-------- GIVEN ENTRIES --------

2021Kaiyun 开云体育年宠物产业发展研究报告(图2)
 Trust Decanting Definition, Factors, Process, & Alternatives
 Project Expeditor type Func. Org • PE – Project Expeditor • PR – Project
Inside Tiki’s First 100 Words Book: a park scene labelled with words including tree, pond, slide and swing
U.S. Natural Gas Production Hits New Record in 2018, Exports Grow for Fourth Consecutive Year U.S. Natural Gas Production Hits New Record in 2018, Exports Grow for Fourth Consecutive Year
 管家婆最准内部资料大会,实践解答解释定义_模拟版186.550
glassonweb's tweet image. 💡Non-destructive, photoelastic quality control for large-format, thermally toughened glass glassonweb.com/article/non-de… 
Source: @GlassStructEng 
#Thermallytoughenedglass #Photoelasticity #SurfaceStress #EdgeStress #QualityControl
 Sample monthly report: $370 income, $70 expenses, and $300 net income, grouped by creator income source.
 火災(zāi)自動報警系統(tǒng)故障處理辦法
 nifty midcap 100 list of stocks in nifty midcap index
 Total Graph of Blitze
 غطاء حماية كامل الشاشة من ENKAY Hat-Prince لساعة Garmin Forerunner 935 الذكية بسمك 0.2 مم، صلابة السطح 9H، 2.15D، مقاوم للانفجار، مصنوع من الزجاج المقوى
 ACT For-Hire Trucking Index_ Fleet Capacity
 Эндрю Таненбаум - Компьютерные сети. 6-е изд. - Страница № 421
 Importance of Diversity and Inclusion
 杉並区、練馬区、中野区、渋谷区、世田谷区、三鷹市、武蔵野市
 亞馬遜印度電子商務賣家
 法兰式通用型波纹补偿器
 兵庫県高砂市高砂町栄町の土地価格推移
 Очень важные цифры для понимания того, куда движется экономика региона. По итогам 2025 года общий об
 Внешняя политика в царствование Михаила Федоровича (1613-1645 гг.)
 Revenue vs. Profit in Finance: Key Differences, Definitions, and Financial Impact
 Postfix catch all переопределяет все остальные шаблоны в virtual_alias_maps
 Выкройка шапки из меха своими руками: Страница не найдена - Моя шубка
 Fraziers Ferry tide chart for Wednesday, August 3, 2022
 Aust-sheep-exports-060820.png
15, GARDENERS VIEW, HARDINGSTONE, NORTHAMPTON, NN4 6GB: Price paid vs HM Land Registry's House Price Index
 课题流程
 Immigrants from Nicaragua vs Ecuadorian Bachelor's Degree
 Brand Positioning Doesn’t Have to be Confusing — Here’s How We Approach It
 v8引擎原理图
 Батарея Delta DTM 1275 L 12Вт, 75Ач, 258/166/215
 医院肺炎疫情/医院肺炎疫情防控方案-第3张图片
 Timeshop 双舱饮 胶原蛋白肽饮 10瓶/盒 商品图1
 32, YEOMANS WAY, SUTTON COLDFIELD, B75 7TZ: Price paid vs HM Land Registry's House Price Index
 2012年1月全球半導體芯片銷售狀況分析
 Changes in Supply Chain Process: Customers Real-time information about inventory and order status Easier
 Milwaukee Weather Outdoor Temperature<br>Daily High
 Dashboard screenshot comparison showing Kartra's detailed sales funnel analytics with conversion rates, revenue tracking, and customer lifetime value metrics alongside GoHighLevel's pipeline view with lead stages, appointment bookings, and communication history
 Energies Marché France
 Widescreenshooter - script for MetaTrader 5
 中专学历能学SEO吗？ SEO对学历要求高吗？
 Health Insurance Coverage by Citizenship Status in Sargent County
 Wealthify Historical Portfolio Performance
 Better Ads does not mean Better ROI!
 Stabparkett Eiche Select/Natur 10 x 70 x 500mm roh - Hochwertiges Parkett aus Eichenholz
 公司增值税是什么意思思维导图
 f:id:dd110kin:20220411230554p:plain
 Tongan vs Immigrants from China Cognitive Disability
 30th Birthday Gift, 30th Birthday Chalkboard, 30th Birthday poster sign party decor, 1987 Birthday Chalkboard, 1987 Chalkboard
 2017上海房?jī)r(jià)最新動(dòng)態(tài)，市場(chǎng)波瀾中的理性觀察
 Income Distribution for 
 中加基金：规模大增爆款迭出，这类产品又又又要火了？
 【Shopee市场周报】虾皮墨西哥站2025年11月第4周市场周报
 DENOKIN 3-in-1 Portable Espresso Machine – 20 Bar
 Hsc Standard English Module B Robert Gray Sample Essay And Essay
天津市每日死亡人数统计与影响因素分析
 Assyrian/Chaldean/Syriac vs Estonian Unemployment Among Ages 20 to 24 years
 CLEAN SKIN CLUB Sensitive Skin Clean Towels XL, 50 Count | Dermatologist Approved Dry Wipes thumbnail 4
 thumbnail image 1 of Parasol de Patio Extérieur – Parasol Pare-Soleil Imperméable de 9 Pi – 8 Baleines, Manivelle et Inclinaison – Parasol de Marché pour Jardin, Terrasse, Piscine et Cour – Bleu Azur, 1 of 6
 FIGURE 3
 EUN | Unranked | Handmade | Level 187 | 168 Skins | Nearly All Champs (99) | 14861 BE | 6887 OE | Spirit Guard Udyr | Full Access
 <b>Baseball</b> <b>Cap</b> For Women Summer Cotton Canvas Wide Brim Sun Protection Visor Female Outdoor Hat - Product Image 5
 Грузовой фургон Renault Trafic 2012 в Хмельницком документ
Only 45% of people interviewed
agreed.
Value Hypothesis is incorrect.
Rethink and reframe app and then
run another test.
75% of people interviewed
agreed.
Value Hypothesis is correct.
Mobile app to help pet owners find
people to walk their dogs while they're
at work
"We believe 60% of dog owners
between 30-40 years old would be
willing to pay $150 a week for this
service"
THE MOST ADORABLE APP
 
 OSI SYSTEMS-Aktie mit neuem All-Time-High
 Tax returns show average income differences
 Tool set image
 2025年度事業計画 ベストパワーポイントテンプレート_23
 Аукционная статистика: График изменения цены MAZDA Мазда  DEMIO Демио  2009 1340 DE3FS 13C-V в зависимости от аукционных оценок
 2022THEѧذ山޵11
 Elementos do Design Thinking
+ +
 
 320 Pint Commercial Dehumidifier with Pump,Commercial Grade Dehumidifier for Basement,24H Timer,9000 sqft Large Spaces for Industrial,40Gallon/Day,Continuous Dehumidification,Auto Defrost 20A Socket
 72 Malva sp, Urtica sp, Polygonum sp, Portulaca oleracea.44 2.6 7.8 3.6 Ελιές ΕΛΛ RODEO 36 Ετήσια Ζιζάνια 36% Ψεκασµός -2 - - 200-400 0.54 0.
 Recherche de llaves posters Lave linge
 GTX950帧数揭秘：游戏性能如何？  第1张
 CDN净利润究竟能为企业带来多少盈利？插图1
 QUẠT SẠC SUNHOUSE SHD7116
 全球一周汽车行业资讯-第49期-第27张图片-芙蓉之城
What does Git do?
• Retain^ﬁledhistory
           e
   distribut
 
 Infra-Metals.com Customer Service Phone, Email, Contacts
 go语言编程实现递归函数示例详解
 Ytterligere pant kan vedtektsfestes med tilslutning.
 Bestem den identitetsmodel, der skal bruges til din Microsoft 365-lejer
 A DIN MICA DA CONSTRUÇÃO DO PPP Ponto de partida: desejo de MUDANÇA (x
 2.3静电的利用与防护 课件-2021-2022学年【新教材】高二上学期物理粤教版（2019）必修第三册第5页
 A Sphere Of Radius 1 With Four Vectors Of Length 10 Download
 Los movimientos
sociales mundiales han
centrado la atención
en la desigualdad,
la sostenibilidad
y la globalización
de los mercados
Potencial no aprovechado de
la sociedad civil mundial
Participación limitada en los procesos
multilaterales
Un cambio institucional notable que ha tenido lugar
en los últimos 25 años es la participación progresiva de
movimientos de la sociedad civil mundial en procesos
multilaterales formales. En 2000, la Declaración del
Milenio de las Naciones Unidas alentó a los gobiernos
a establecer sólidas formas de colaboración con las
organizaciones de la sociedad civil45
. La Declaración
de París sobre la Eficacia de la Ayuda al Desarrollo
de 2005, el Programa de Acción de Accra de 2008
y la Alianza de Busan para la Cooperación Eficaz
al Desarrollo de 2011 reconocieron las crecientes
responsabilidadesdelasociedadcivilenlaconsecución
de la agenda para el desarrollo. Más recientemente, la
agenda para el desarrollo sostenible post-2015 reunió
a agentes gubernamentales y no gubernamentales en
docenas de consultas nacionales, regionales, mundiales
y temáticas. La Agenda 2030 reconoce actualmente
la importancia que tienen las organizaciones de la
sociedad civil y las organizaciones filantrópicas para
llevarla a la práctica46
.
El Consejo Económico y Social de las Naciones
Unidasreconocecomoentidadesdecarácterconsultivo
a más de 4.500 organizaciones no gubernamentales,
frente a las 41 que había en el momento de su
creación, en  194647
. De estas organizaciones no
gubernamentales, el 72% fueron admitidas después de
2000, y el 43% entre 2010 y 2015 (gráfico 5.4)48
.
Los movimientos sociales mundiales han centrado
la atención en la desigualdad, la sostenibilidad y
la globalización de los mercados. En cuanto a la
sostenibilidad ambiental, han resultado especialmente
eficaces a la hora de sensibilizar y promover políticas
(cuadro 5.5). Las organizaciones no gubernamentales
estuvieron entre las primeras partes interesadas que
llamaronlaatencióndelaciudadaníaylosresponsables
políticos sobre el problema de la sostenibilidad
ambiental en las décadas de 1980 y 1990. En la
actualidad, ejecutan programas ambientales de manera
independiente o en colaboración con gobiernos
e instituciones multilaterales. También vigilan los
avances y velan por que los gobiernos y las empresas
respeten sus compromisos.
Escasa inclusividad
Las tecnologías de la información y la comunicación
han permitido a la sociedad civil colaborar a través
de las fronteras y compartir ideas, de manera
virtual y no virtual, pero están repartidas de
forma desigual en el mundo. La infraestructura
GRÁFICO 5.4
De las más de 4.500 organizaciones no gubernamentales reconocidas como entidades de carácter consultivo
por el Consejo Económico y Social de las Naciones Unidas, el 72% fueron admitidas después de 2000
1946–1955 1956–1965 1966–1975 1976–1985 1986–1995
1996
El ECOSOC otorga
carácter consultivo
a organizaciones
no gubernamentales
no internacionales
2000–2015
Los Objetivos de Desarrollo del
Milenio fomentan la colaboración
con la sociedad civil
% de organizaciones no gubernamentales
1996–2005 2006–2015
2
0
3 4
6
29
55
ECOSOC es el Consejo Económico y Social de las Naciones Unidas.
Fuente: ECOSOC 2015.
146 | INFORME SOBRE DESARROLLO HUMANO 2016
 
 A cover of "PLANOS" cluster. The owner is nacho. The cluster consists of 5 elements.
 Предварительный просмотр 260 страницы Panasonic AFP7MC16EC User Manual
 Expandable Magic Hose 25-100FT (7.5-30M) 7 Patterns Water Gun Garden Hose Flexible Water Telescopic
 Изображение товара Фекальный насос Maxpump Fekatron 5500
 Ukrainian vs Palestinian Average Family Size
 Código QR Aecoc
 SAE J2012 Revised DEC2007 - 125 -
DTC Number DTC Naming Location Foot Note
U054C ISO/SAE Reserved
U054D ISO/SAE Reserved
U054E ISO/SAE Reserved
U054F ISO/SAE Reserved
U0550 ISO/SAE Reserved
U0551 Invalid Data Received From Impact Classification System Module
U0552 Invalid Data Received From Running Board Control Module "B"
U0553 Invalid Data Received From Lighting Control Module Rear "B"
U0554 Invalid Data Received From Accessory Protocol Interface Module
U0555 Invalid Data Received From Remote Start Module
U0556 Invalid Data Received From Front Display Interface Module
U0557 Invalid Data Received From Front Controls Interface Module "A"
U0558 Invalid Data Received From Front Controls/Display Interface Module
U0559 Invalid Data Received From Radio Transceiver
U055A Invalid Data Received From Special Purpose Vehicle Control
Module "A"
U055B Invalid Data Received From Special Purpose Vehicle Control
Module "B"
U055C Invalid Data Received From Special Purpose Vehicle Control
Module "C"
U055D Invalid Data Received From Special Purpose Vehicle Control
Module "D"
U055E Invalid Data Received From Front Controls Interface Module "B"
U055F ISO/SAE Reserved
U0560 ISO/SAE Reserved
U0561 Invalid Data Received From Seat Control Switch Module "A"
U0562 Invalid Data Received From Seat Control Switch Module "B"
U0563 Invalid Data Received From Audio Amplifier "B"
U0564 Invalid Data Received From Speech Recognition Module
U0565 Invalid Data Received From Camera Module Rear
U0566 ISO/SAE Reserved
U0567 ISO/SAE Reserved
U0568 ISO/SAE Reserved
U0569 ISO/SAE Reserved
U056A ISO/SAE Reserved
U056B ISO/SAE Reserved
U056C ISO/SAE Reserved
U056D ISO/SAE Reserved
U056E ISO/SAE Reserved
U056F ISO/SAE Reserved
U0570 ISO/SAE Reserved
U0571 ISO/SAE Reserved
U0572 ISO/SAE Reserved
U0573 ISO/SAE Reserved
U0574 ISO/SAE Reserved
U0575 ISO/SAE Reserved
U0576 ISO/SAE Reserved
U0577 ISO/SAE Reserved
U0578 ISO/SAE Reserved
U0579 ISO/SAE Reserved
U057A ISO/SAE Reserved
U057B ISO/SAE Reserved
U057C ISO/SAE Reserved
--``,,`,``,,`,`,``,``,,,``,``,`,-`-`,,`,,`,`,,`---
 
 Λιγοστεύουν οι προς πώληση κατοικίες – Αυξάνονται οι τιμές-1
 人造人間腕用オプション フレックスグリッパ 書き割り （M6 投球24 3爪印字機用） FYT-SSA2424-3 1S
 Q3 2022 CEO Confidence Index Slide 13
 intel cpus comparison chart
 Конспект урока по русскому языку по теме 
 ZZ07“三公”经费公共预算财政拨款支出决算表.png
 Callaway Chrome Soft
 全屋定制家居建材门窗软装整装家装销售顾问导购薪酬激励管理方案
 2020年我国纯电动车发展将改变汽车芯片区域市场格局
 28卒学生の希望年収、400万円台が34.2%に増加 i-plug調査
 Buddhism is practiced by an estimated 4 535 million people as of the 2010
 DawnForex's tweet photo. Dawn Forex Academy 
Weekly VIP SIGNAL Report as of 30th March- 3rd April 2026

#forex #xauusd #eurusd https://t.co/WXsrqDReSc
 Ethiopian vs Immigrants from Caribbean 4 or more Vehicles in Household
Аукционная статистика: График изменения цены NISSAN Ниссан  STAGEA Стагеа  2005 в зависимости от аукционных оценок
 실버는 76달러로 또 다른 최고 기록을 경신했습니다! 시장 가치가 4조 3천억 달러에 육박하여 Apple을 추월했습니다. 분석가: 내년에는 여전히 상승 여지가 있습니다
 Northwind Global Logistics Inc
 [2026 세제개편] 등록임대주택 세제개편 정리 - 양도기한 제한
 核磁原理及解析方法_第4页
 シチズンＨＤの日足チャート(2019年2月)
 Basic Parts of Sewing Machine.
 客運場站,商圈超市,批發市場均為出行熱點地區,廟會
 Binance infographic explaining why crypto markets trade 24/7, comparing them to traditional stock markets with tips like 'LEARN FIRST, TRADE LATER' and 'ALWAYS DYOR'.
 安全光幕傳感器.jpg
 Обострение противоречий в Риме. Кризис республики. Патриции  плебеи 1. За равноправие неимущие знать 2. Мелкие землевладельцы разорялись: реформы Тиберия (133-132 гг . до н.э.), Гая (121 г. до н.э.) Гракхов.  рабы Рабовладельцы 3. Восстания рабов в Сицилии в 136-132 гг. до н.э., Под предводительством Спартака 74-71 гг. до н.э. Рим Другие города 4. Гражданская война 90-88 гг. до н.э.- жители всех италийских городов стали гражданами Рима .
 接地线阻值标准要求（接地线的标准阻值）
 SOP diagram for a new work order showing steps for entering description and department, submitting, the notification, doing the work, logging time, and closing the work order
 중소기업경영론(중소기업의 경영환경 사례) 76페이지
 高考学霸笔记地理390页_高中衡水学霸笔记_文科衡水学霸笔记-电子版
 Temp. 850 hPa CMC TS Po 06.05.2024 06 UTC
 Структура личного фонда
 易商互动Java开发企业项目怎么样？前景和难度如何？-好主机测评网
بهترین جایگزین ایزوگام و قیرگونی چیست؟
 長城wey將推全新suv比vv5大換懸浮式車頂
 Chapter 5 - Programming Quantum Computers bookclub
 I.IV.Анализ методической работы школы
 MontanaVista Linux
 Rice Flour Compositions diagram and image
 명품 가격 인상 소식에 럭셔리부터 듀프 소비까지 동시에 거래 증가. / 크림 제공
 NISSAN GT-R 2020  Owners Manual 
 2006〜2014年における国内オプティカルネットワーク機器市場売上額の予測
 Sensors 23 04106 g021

--------

▶ [ACTION ITEM]: Write out only the lines that run from the line containing "Elementos do Design Thinking" through the line containing "go语言编程实现递归函数示例详解", both included, exactly as they appear above.

▶ [WRITTEN RESPONSE]:
 Elementos do Design Thinking
+ +
 
 320 Pint Commercial Dehumidifier with Pump,Commercial Grade Dehumidifier for Basement,24H Timer,9000 sqft Large Spaces for Industrial,40Gallon/Day,Continuous Dehumidification,Auto Defrost 20A Socket
 72 Malva sp, Urtica sp, Polygonum sp, Portulaca oleracea.44 2.6 7.8 3.6 Ελιές ΕΛΛ RODEO 36 Ετήσια Ζιζάνια 36% Ψεκασµός -2 - - 200-400 0.54 0.
 Recherche de llaves posters Lave linge
 GTX950帧数揭秘：游戏性能如何？  第1张
 CDN净利润究竟能为企业带来多少盈利？插图1
 QUẠT SẠC SUNHOUSE SHD7116
 全球一周汽车行业资讯-第49期-第27张图片-芙蓉之城
What does Git do?
• Retain^ﬁledhistory
           e
   distribut
 
 Infra-Metals.com Customer Service Phone, Email, Contacts
 go语言编程实现递归函数示例详解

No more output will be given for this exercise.